Directions for this task: All entries must be extracted exactly, with nothing added or dropped.

Data to use: Begin

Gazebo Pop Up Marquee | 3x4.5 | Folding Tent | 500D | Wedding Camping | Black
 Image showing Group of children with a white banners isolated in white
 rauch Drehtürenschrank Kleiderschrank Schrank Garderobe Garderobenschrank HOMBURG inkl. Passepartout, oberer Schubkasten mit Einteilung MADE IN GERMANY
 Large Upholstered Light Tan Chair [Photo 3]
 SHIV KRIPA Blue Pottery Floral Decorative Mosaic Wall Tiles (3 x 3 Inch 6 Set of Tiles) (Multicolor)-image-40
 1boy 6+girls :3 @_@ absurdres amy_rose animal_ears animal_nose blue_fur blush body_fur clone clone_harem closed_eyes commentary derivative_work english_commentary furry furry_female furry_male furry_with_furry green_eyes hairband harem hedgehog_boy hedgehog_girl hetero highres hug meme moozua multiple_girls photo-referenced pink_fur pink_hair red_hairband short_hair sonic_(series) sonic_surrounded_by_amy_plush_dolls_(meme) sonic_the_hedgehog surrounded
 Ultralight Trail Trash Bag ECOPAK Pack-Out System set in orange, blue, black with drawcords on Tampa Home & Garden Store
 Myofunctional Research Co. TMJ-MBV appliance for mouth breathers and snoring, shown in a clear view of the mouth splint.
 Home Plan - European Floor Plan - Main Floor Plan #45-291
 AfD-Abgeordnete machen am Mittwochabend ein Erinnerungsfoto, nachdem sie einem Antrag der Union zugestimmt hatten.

Data to use: End

Solution for this exercise:
Gazebo Pop Up Marquee | 3x4.5 | Folding Tent | 500D | Wedding Camping | Black
 Image showing Group of children with a white banners isolated in white
 rauch Drehtürenschrank Kleiderschrank Schrank Garderobe Garderobenschrank HOMBURG inkl. Passepartout, oberer Schubkasten mit Einteilung MADE IN GERMANY
 Large Upholstered Light Tan Chair [Photo 3]
 SHIV KRIPA Blue Pottery Floral Decorative Mosaic Wall Tiles (3 x 3 Inch 6 Set of Tiles) (Multicolor)-image-40
 1boy 6+girls :3 @_@ absurdres amy_rose animal_ears animal_nose blue_fur blush body_fur clone clone_harem closed_eyes commentary derivative_work english_commentary furry furry_female furry_male furry_with_furry green_eyes hairband harem hedgehog_boy hedgehog_girl hetero highres hug meme moozua multiple_girls photo-referenced pink_fur pink_hair red_hairband short_hair sonic_(series) sonic_surrounded_by_amy_plush_dolls_(meme) sonic_the_hedgehog surrounded
 Ultralight Trail Trash Bag ECOPAK Pack-Out System set in orange, blue, black with drawcords on Tampa Home & Garden Store
 Myofunctional Research Co. TMJ-MBV appliance for mouth breathers and snoring, shown in a clear view of the mouth splint.
 Home Plan - European Floor Plan - Main Floor Plan #45-291
 AfD-Abgeordnete machen am Mittwochabend ein Erinnerungsfoto, nachdem sie einem Antrag der Union zugestimmt hatten.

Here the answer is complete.